BEGIN DATA RECORDS

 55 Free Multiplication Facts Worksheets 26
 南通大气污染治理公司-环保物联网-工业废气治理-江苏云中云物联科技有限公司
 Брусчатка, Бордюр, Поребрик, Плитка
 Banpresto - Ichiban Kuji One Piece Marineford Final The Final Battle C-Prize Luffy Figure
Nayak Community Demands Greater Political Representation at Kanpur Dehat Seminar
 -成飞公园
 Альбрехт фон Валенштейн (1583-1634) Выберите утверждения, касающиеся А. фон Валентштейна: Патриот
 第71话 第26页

END DATA RECORDS
BEGIN DATA RECORDS

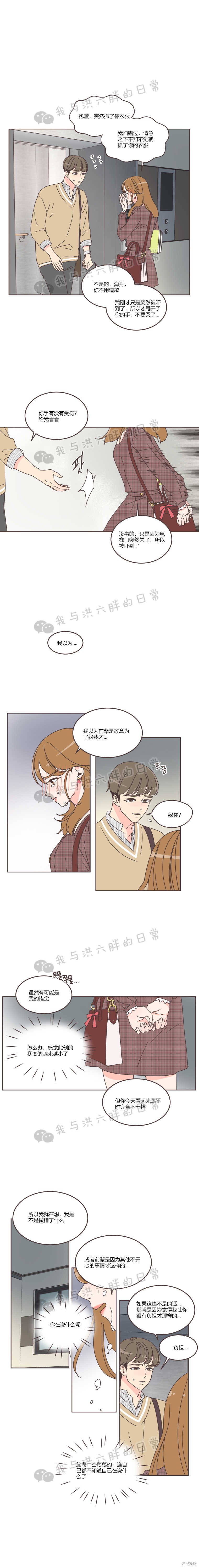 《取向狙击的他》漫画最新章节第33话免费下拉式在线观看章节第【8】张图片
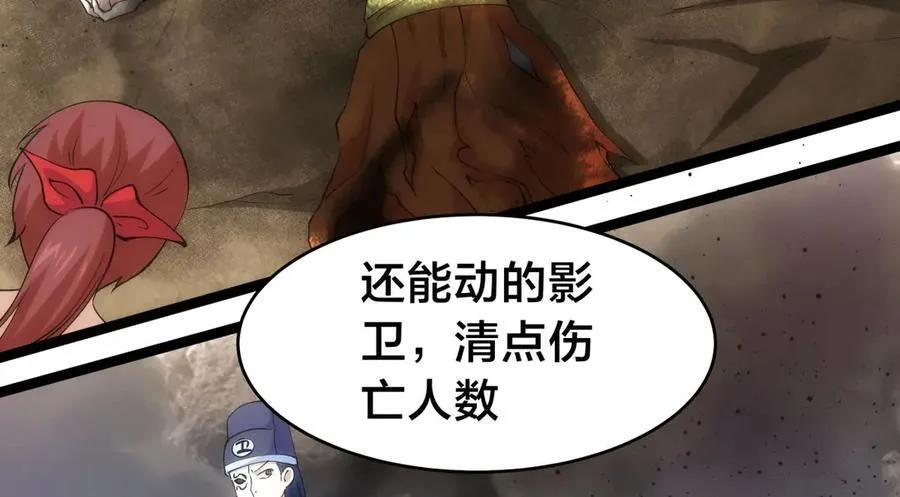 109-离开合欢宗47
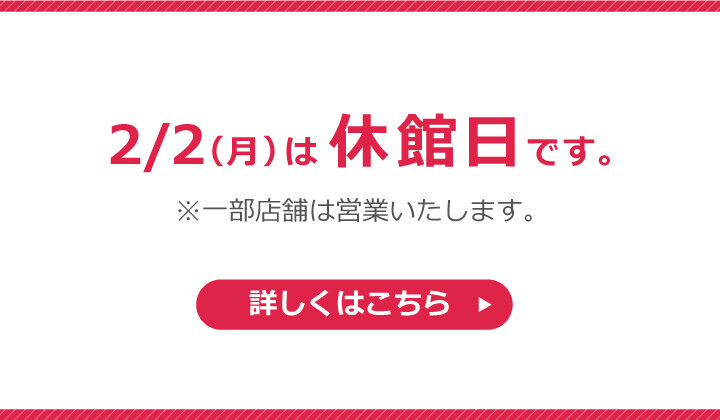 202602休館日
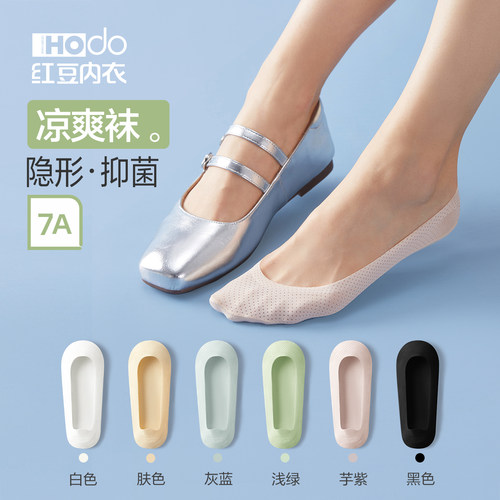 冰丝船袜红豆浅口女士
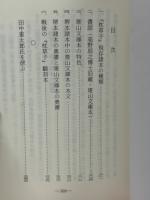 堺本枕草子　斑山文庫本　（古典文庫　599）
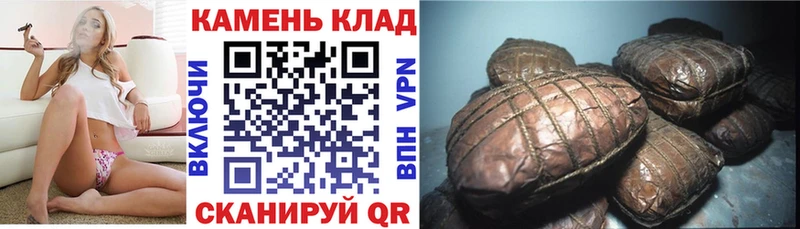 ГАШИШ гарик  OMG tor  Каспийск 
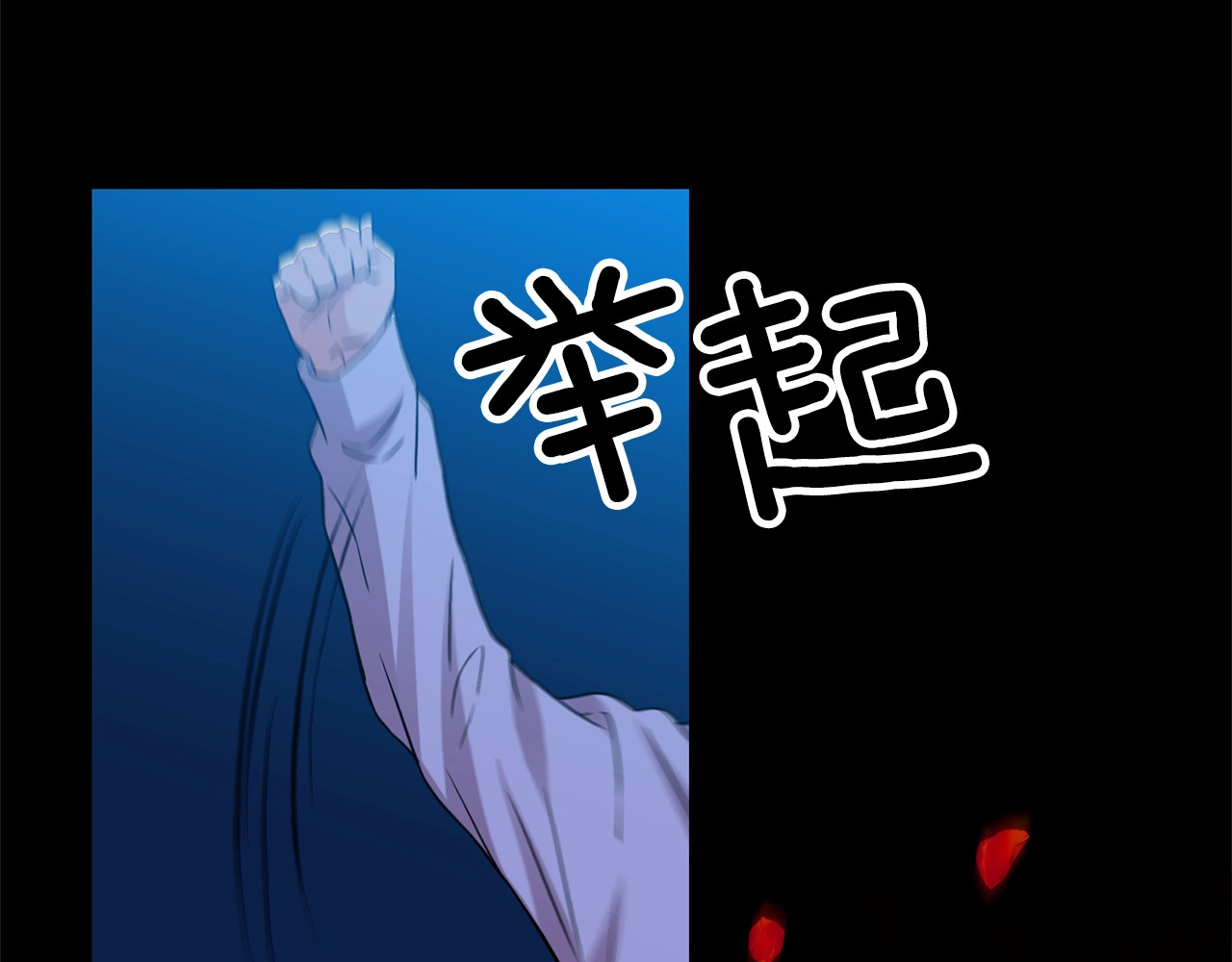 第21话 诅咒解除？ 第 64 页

END DATA RECORDS

=== WHAT NEEDS TO BE DONE ===
Whatever pictures the records hold, omit them; give again exactly the lines from the one containing "109-离开合欢宗47" through the one containing "第21话 诅咒解除？ 第 64 页".

=== OUTPUT BELOW ===
 109-离开合欢宗47
 202602休館日
 冰丝船袜红豆浅口女士
 堺本枕草子　斑山文庫本　（古典文庫　599）
 ГАШИШ гарик  OMG tor  Каспийск 
 第21话 诅咒解除？ 第 64 页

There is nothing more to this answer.